The movie you see observes the mundane day-to-day lives of a well-off German family. Over and over, the father, Rudolf (played by Christian Friedel), goes to and from work; the mother, Hedwig (Anatomy of a Fall’s Sandra Hüller), tends to her garden; and their children, a rambunctious bunch, play with their toys. In the movie you hear, however, there’s intermittent gunfire, bursts of screams, and an ever-present industrial cacophony. Along with snatches of dialogue and glimpses of details—the costuming, the barbed wire, the smoke—the film makes clear what’s going on: Rudolf is Rudolf Höss, the real-life longest-serving commandant of Auschwitz, and this is a portrait of how he and his Nazi family actually lived, going about their days adjacent to the death camp he ran.
And you’ll never guess what this anti-democratic “rebel” actor said next, as if he forgot to put his pointy white hood on before claiming nothing to see here or claiming to be invisible.
“Seriously, folks?,” Schneider said in a statement to Deadline. “I said no such thing. Despite headlines claiming otherwise, I absolutely did not call for an act of violence or threaten a U.S. president.”
Absolutely did not? That seems very confident for something that is so easily proven to be the opposite.
This gaslighting attempt is so sloppy it seems based in delusion. Perhaps it stems from decades of being drunk with privilege and power, profiting heavily from the glorification and promotion of General Lee’s domestic terrorism for so long, enjoying zero accountability.
General Lee was quite clearly a weak leader, and even more a treasonous monster of the worst cruelty, who led a Civil War to expand state-sanctioned rape of black women. His monuments have been proven to be directly correlated with lynchings, erected by racist mobs in the 1920s to threaten any American families and governments who dared to desire the protection of law and order.
His name is a threat, whether on street signs or schools; a precursor and warning to racist violence. Robert E. Lee, like an Osama bin Laden Avenue or Timothy McVeigh Park is the detestable name of terrorism.

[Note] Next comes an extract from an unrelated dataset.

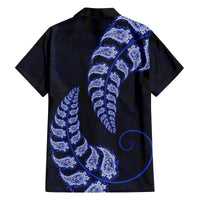 Blue New Zealand Paisley Silver Fern Family Matching Long Sleeve Bodycon Dress and Hawaiian Shirt Aotearoa Maori LT14 - Polynesian Pride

Now the actor known best for gladly celebrating and spreading this evil monster’s racist hate, using a “fun loving” TV show for personal profit, has been caught on Twitter more clearly than ever doing what he always did.
Accountability finally?
Is it any wonder lynching was top of mind for the actor when he disagreed with anyone? Is him driving around waving a Confederate flag, which stands for lynching, really that different than him saying he stands for lynching? In this Twitter case he directed his words towards the President, but it’s not like the “Dukes of Hazard” hadn’t consciously preserved racist lynching sentiment the whole time on multiple communication channels from underwear to children toys.